School budget conversation gets an early start
BRIDGEPORT — Filling City Council Chambers hasn’t given the schools superintendent the budget she says is necessary to run the district properly.
Neither have sit-downs with City Council committees.
So Schools Superintendent Aresta Johnson has embarked on a new strategy. With budget season a couple of months away, she held the first of what is planned as a series of community forums to educate the public and council about the consequences of an underfunded budget.
The next forum will be held 5:30 p.m. on Nov. 28 at Thomas Hooker School, 138 Roger Williams Road.
Wednesday’s session was punctuated with stories, not data.
Bryant School’s Victoria Egri told of students whose love of reading has blossomed because of an online program called “myOn.” The school of 357 students has read more than 75,000 books over the past three years. On Oct. 31, 2018, however, the plug was pulled on myOn, when the district’s subscription ran out and was not renewed.
Bassick Interim Principal Joe Raiola talked of having to say “No” to a teacher who wanted to start a National Honor Society chapter at the school because his budget couldn’t spare the $350 sponsorship fee. Instead, she was told to hold a fundraiser.
And Curiale Principal Brett Gustafson — who had success raising test scores in New York City — talked of being shocked at the lack of resources when he returned to his home town to work in the district six years ago.
“Since then, there have been massive budget cuts,” Gustafson said. “We have lost kindergarten (aides), the parent coordinator, literacy and math coaches, interventionists, my dean of students, a security guard and supply money.”
The crowd that the principals addressed in the Bassick High School auditorium was sparse. The only City Council member there was Kyle Langan, D-132.

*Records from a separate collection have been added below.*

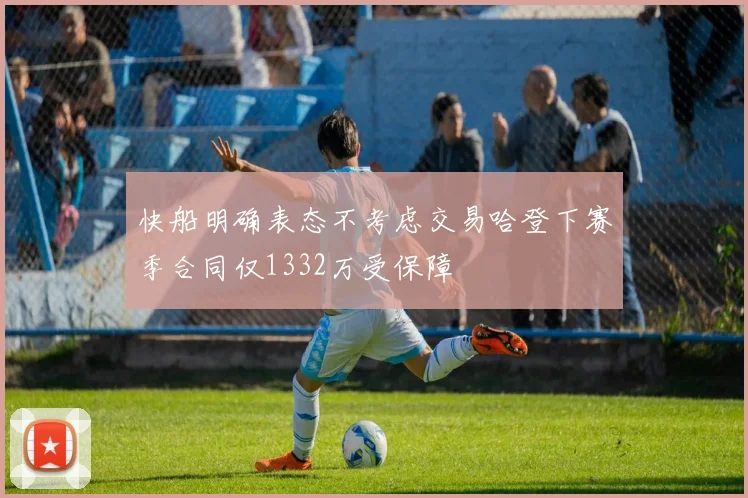 快船明确表态不考虑交易哈登下赛季合同仅1332万受保障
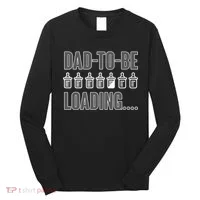 Dad To Be Loading Long Sleeve Shirt thumb 0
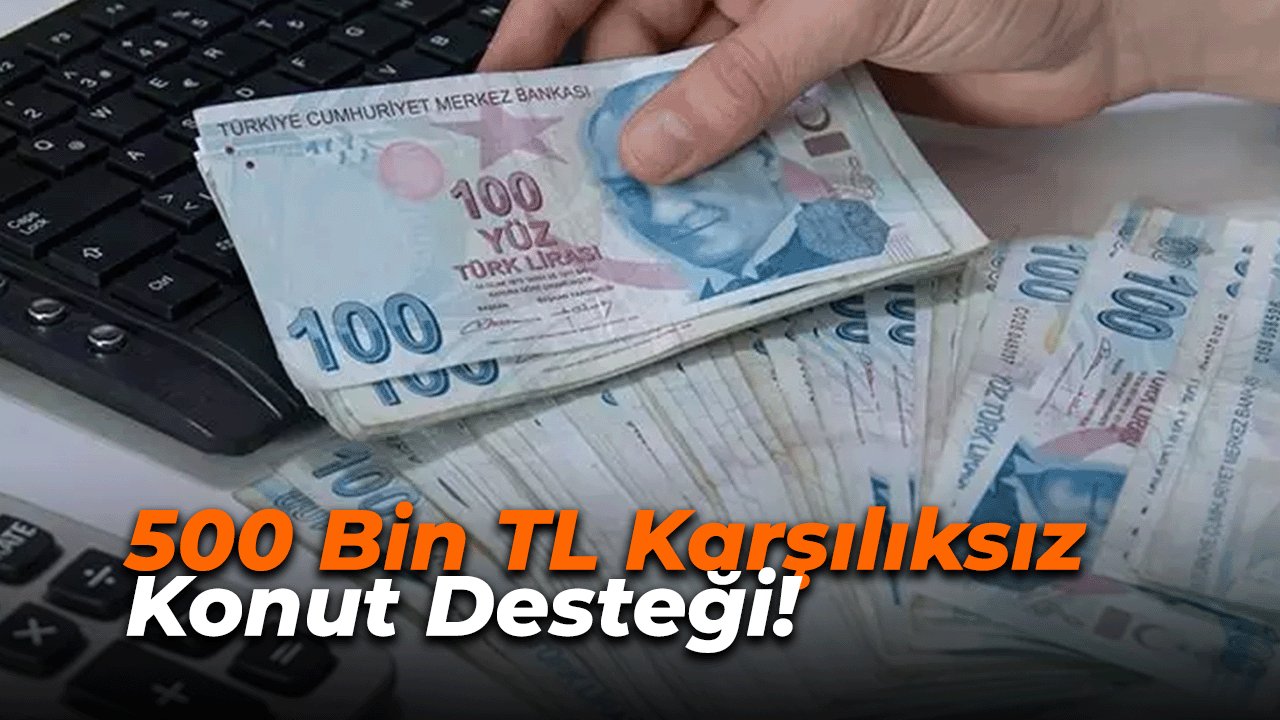 500 Bin TL Karşılıksız Konut Desteği! Şartları Sağlayan Hemen Başvurabilir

They speakers were very much preaching to the choir.
“Know that I am fighting, but I am fighting an uphill battle,” said the first-term council member. “I tried my best to fight for more funding for education during this last budget season.”
Langan said he was in the minority, unable to convince the majority of the council to move some money from a supplemental line item in the police department budget to education during the last budget session.
The school district ended up with a $1 million boost from the city — more than the $387,593 boost the year before but millions less than officials said was needed to run a status quo school district. Since the 2014-15 fiscal year, despite rising costs, the district has received a total increase of 3.63 percent. Its current operating budget stands as $248.4 million for some 21,000 students.
Michael Testani, director of adult education for the district, asked why the council was unwilling to sufficiently fund its schools. Langan said there are a few hurdles, the state’s minimum budget requirement being one of them.
“If we give more funding, we have to continue to give at least that amount in the next year,” Langan said. “So there is a hesitancy amongst us to raise that number, because it has to stay there.”
The council also has no control over the money it gives the district, he said. And there remains mistrust over whether the money is spent as efficiently as possible.